Sunday, January 07, 2007

Hebrews - An Overview

I am admonished by great sermons from great preachers who use great passages from the Bible of generally no more than a chapter. I hear great expositions from great expositors expounding on key words from a single verse. I hear great lessons from great teachers that will take similar verses or passages from all over the Bible and tie them together. I've sat in classes in a Bible College and have received great summary sentences to describe entire books and have had single passages relate back to that context. What I have never heard is an analysis of the flow of thought through a book.
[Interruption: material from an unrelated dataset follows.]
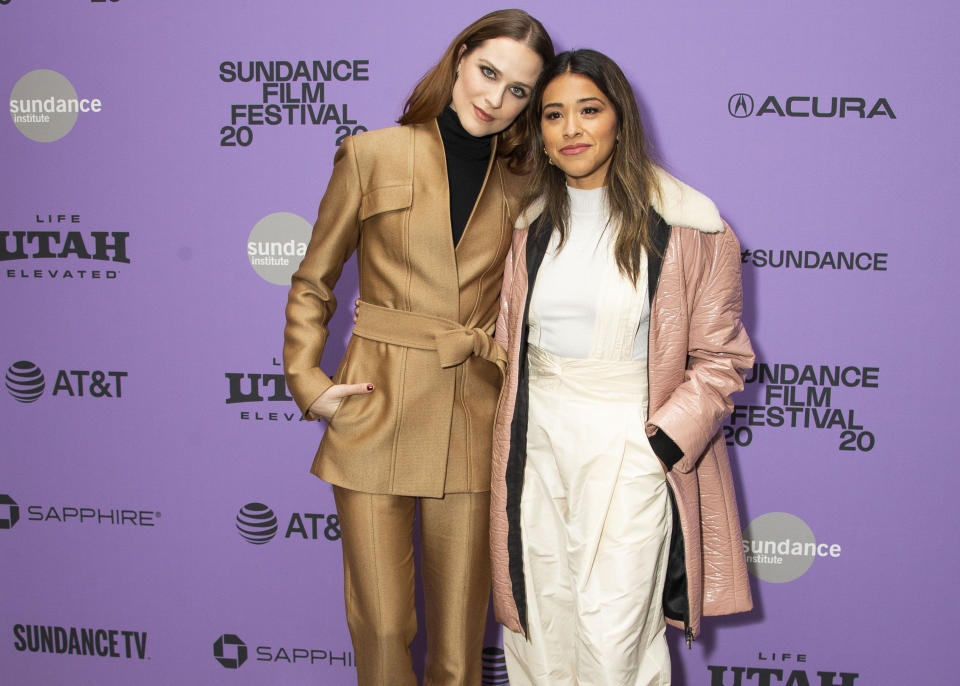 De izquierda a derecha, las actrices Gina Rodríguez y Evan Rachel Wood posan durante la premiere de "Kajillionaire" en el Festival de Cine de Sundance, el 25 de enero del 2020 en Park City, Utah. La película, sobre una familia de estafadores en Los Ángeles, se estrena en cines selectos el viernes. (Foto por Arthur Mola/Invision/AP, Archivo)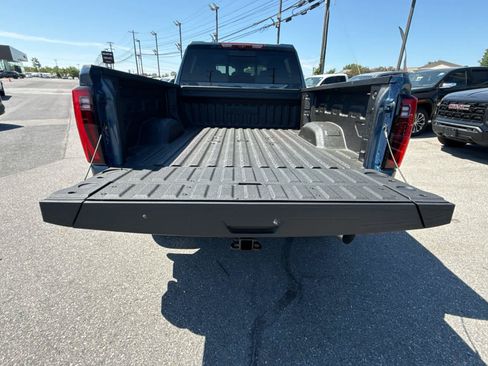 New 2026 GMC Sierra 3500 Denali w/ Denali Reserve Package AWD/4WD image 28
Hebrews was written to Jewish believers to encourage them in their faith. but the reasoning that Paul uses to encourage them is often left unexamined. I notice through a casual scan of the letter that Paul spent much time expounding on the way that Christ fulfilled the law. This fulfillment is the same stuff as faith. What does that mean? Let's scan the book and see how Paul reasons:

Chapter 1:
Paul starts by comparing how God once spoke through the prophets to how he now has spoken to us through His Son. He uses a healthy dose of scripture reference to bring to light the divine nature of God's revelation through Jesus Christ. Paul reminds me of the great Bible teachers I mentioned above in his use of scripture.

Chapter 2:
Paul continues to exhort the Messianic Jews to heed what God has revealed in Christ. Again, more scripture reference. At the end of the chapter, Paul starts a comparison between Christ as God made flesh and Christ as the High Priest.

Chapters 3 & 4:
This comparison is something more than simply appealing to what the Jews would understand from their background in the Mosaic law with Levitical priests. It follows the earlier comparison between the prophets of old and Christ that establishes a dichotomy that Paul builds on for the purposes of encouraging the faith of the Messianic Jews. As Paul discusses Christ as High Priest, he also indicates that assent to the activities of this priesthood is something that happens immediately. In other words, action is an immediate activity of faith. Where the activies of priests of old were of a faith in that which would be effective in time yet to come, Christ's activity is not a mere picture. It is effective immediately.

Chapter 5:
While now we have Christ, at the end of chapter 4, Paul talks about how the Levitical activities prior to Christ were under the law merely according to obedience. As such, now in chapter 5, the Levitical priests were of men, but Christ is of God. Men glorify themselves, but Christ is glorified by God.

Chapter 6:
Therefore, the Levitical law is about doing good works to glorify oneself before God, which is infantile. But maturity is about reliance on He who is greater.

Chapter 7:
Although Melchizedek has been mentioned, his role becomes clear here as Paul gives us another comparison as an example of the dichotomy he is establishing.
Paul compares Christ to Melchisedek, where Melchizedek was outside of the Levitical priesthood, no one knowing from whence he came.

Chapter 8:
Paul gives us the main point in that where what Christ has done would be otherwise incomprehensible to us, God has given us the example of the priesthood to understand what important thing Christ is doing although we cannot now see Him. We can know that the old covenant, althought imperfect, serves to show us the new covenant since we do not have a High Priest who is visible to all.

Chapters 9 & 10:
Paul continues to compare the old covenant to the new as yet another example of his dichotomy. He adds the observation that while the old is a picture of the new, the principle of righteousness that makes the old a picture of the new is still a factor in our faith.

Chapter 11:
The classic "definition of faith" given in the first verse is actually one aspect of faith inasmuch as it applies to Paul's Hebrew dichotomy for the purposes of explaining faith through the comparison of the Mosaic law to the new covenant. Just as the law gives us a picture of Christ, our faith is a faith of certainty. We have a picture given to us that we can see so that we can understand what we cannot see: the covenant of Christ that has been written on our hearts. As examples of this faith, Paul offers us the historical accounts of individuals in the Bible who have demonstrated this faith. There is no other reason for these demonstrations except that what Paul tells us is true.

Chapters 12 & 13:
Paul concludes with a smattering of what our response to Christ should be. He writes, "Therefore..." and summarizes the more basic applications of a righteous life of faith.